I then asked if rau raakau magic affected Polynesians. Pu Nukuoika said it sometimes does. But he is not afraid of it because he has protection from his island's custom. He then told me how sometimes he knows that he is under attack, and when he is, he calls on his ‘grandfather’, Pu Teukumarae (a former chief) and Pu Parikitonga (Pu Teukumarae's son, and father of the present senior chief) for assistance.

He related several incidents in which this has happened. On one occasion, while he was working in the central Solomons, he left his room to get some betel. On returning, he found it had been disturbed. He knew that a Malaitan co-worker had placed a spell upon his betel. So he went to the window, held it up, and asked Pu Teukumarae to help. The next morning, the fellow who had cursed the betel was working with a knife. He slipped, cutting himself badly on the hand. The man denied having placed a curse on anything, but - 291 Pu Nukuoika knew better. However, Pu Teuku's protection was strong enough that he was impervious. The magic rebounded off him and struck down the perpetrator.

In a second instance, a Melanesian sorcerer was using a bush knife and accidentally cut his leg open while working in a cocoa plantation, for the same reason. A third incident was still more harrowing.

Pu Nukuoika got into an argument with some Malaitans while at work. The next morning he was accosted by a group of 25 Malaitans, each carrying a large bush knife. He was terrified and called on Pu Teuku and Pu Parikitonga. He felt them come down and stand beside him. Immediately, he lost all sense of fear. He grabbed his bush knife and declared that he would kill whoever came near him. Then he walked out of the circle which parted at his approach.

The reason he appeals to these two individuals is that they are his tupuna ‘grandfather’ andtuatina ‘mother's brother’. Pu Teuku was the chief, and Pu Teuku's son, Pu Parikitonga, had adopted Pu Nukuoika when he was a baby, making him kauapi ‘adopted child’ to both. They had affection (ne pakapere) for him when they were alive. They looked after his welfare, and if he had a problem, he would go to them to solve it. They do not look after him as closely now that they have died and come to be atua, but they are still concerned about his welfare and in time of real need, when he has appealed to them, they have not let him down.
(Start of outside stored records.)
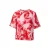 Korte blouse van gemengde viscose met textuur dames s.Oliver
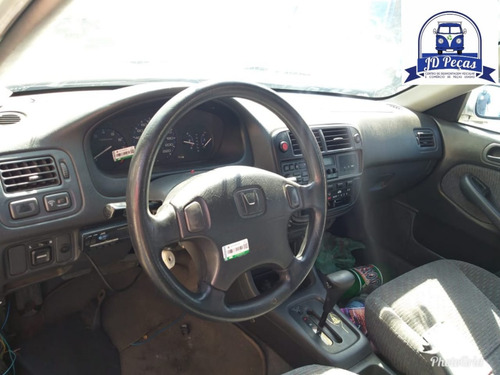 Sucata Honda Civic Ex Ano 99 Aut. ( Para Peças )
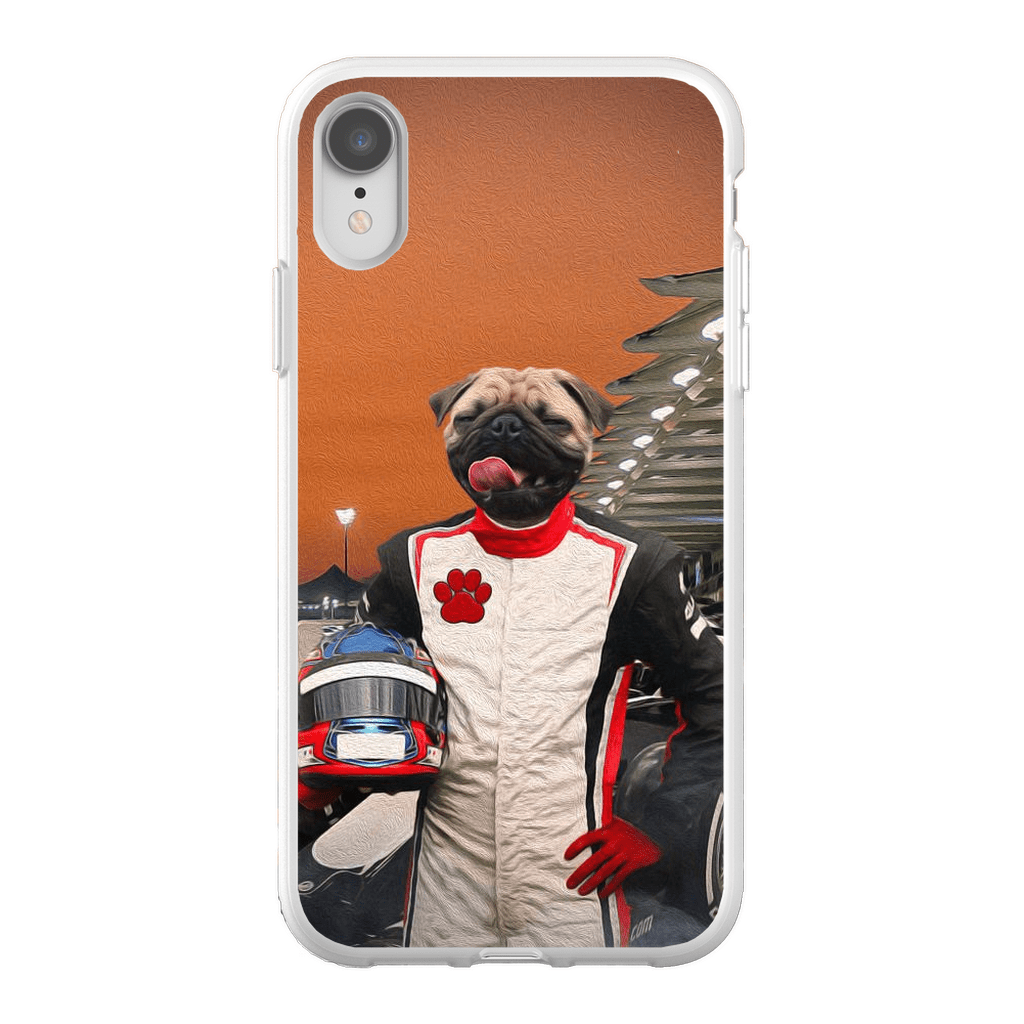 &#39;F1-Paw&#39; Personalized Phone Case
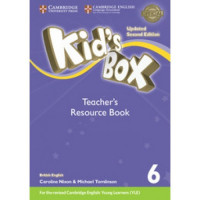 Книга для учителя Kid's Box Updated Second edition 6 Teacher's Resource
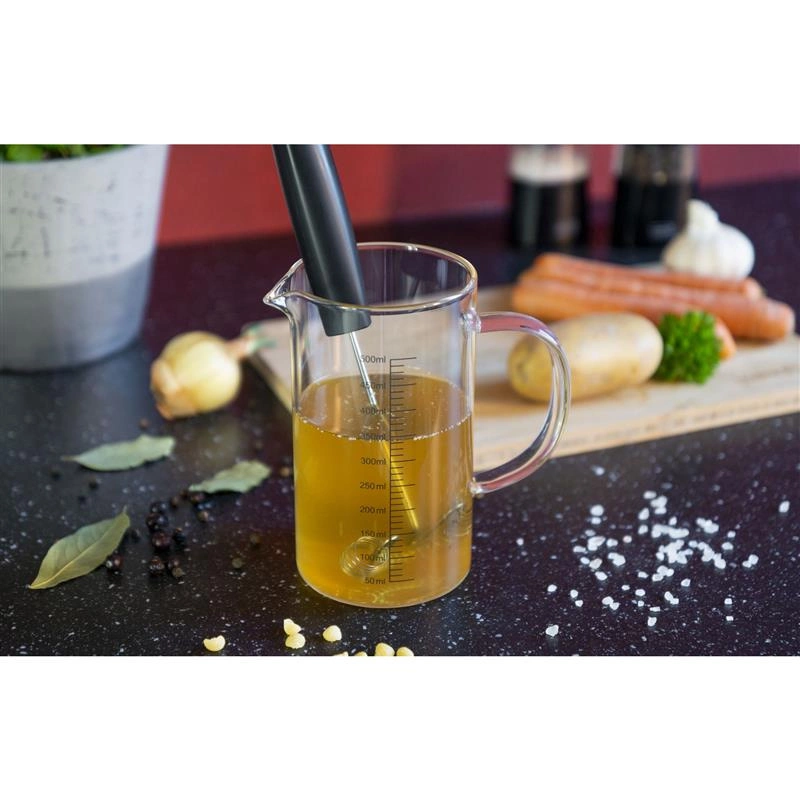 Lurch - dzbanek-miarka kuchenna, szkło borokrzemowe, 0,5 l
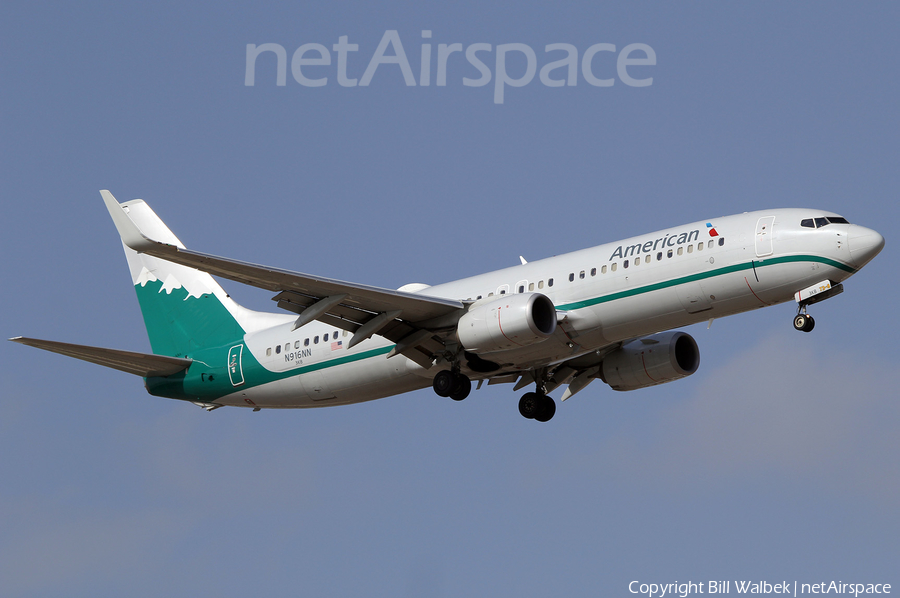 American Airlines Boeing 737-823 (N916NN) | Photo 392835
Pu Nukuoika commented in this respect that out of all Anuta' s chiefs, Pu Teuku was the best. He was the most compassionate (e pakapere), and from this he derived his manuu ‘mana’, which is very great. It is not because of his physical strength as a warrior (toa) or his position as an atua that he has sufficient manuu to protect Misak from magical attack. Rather, it derives from his compassion.

I asked if the church might disapprove of his invoking deceased relatives for help. He insisted that this would not bother the church because Christianity is only concerned about the evil spirits of old and the vakaatua ‘spirit mediums’, who no longer practise. The church could never object to acts of compassion among close relatives. 11

Anutan Christianity, in contrast with its Western counterpart, but like the island's old religion, allows for the addition of important human beings to the pantheon of gods and demigods. The most prominent addition to date is Dr. C. E. Fox.

Charles Elliot Fox was an Anglican missionary from New Zealand. He died in 1977 at the age of 100, after spending most of his long life in the Solomon Islands. His closest ties were with the island of Makira, where he made his home for many years and was given the affectionate nickname, - 292 Kakamora. 12 Because of his affection and commitment to the people of the Solomons he, in contrast with most Europeans, did not flee before the Japanese invasion during the Second World War. Instead, he hid in the bush along with his local compatriots. Over several generations, he influenced thousands of Solomon Islanders, shaping their perception of and relation to the church; and by the time he left the Solomons in 1973, he was revered throughout the archipelago.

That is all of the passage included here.